(Material supplied begins)
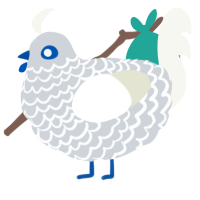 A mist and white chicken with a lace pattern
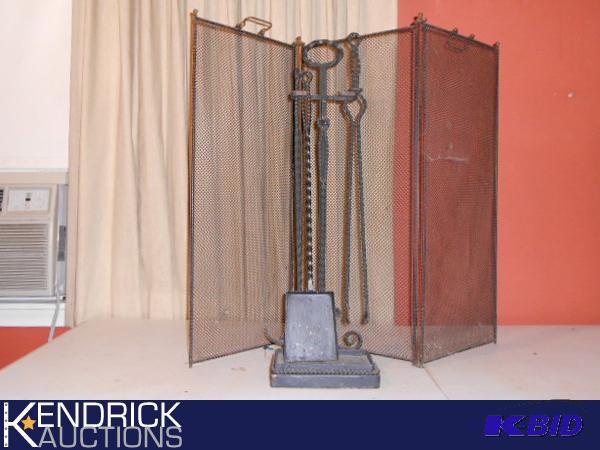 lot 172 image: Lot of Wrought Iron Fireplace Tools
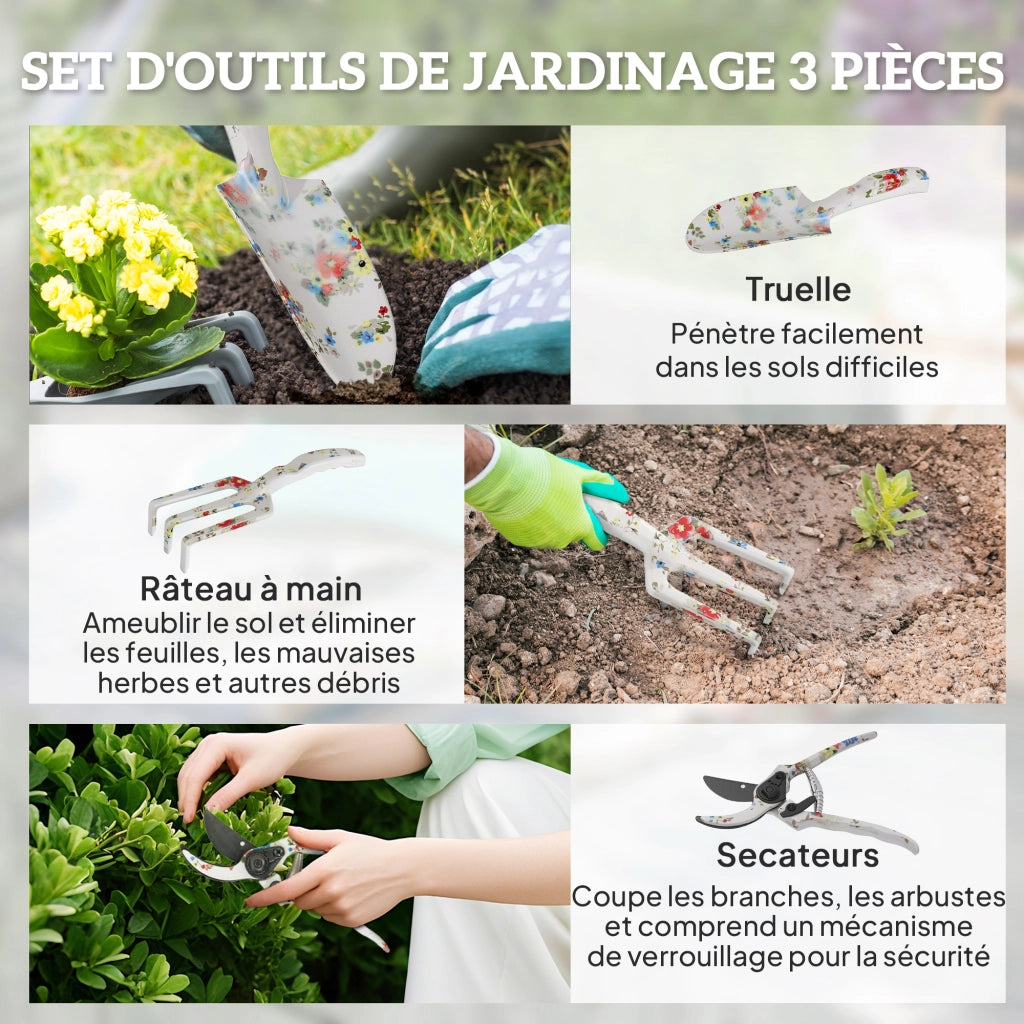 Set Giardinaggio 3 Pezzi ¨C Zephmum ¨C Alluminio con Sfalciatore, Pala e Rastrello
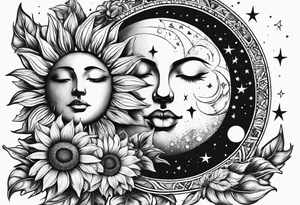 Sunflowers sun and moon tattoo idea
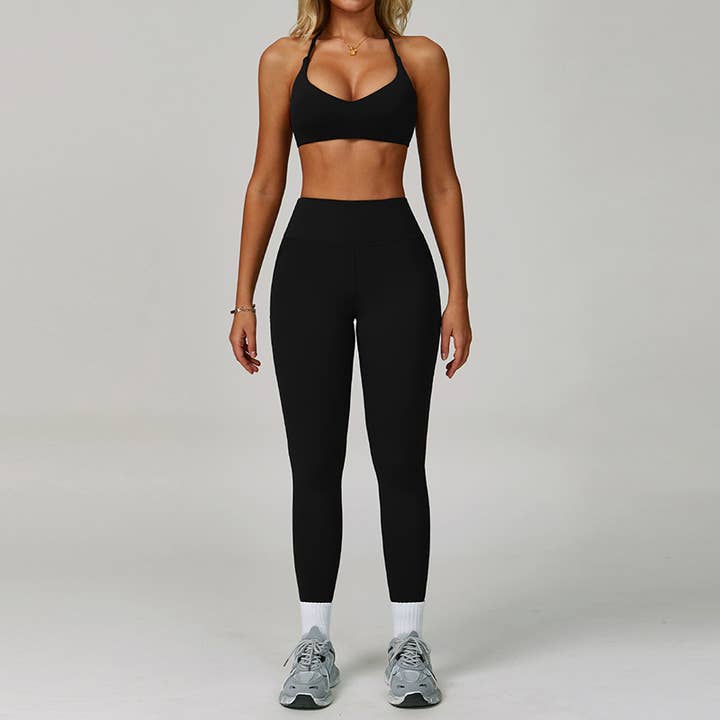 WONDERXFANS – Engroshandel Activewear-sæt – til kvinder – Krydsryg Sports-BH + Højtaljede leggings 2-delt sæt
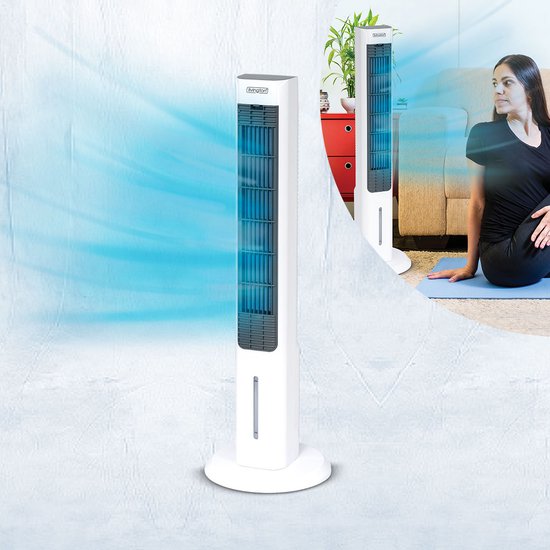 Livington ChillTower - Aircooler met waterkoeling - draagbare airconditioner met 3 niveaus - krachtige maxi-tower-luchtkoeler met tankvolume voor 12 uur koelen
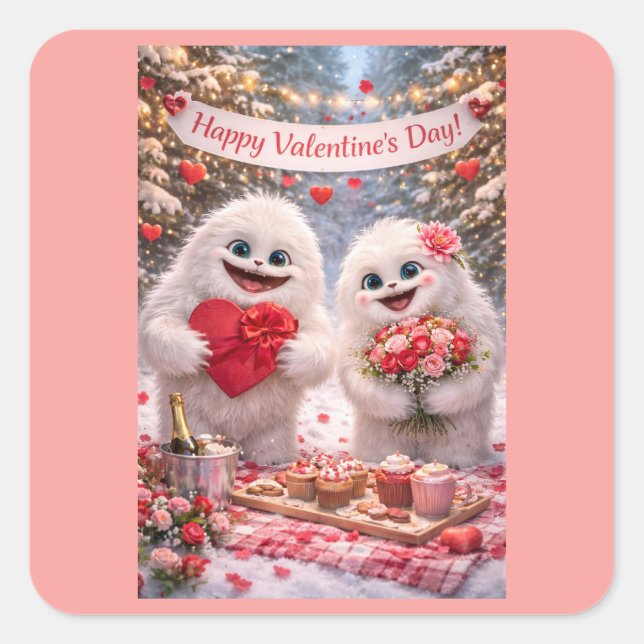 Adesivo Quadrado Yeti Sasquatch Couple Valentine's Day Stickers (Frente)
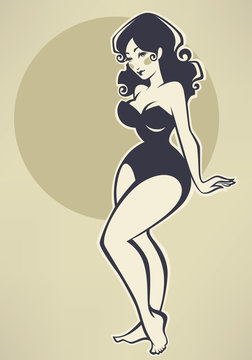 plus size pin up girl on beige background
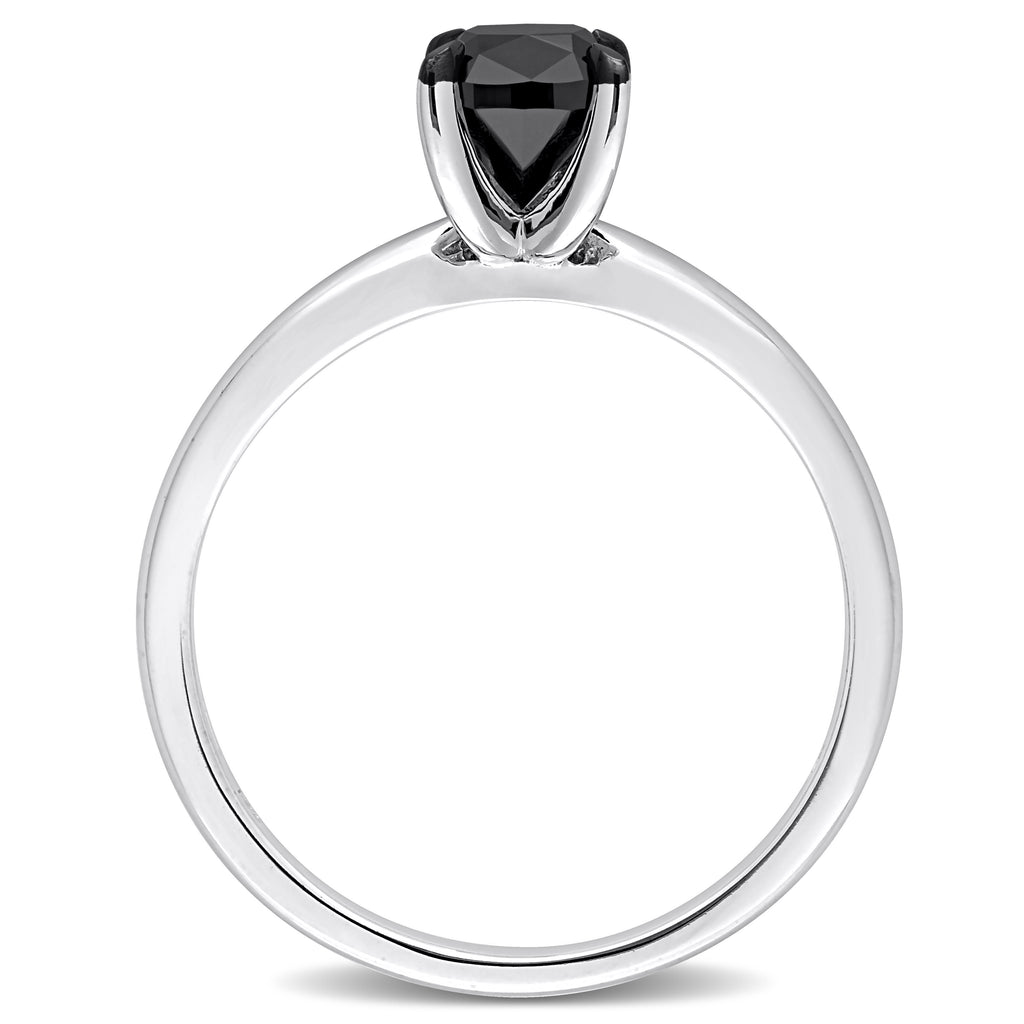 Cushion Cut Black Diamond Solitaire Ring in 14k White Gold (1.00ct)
(Material supplied ends)
Task instructions: Go to the line that contains "WONDERXFANS – Engroshandel" and copy exactly from there through the last line of the records above, both included. Omit pictures.

Output:
 WONDERXFANS – Engroshandel Activewear-sæt – til kvinder – Krydsryg Sports-BH + Højtaljede leggings 2-delt sæt
 Livington ChillTower - Aircooler met waterkoeling - draagbare airconditioner met 3 niveaus - krachtige maxi-tower-luchtkoeler met tankvolume voor 12 uur koelen
 Adesivo Quadrado Yeti Sasquatch Couple Valentine's Day Stickers (Frente)
 plus size pin up girl on beige background
 Cushion Cut Black Diamond Solitaire Ring in 14k White Gold (1.00ct)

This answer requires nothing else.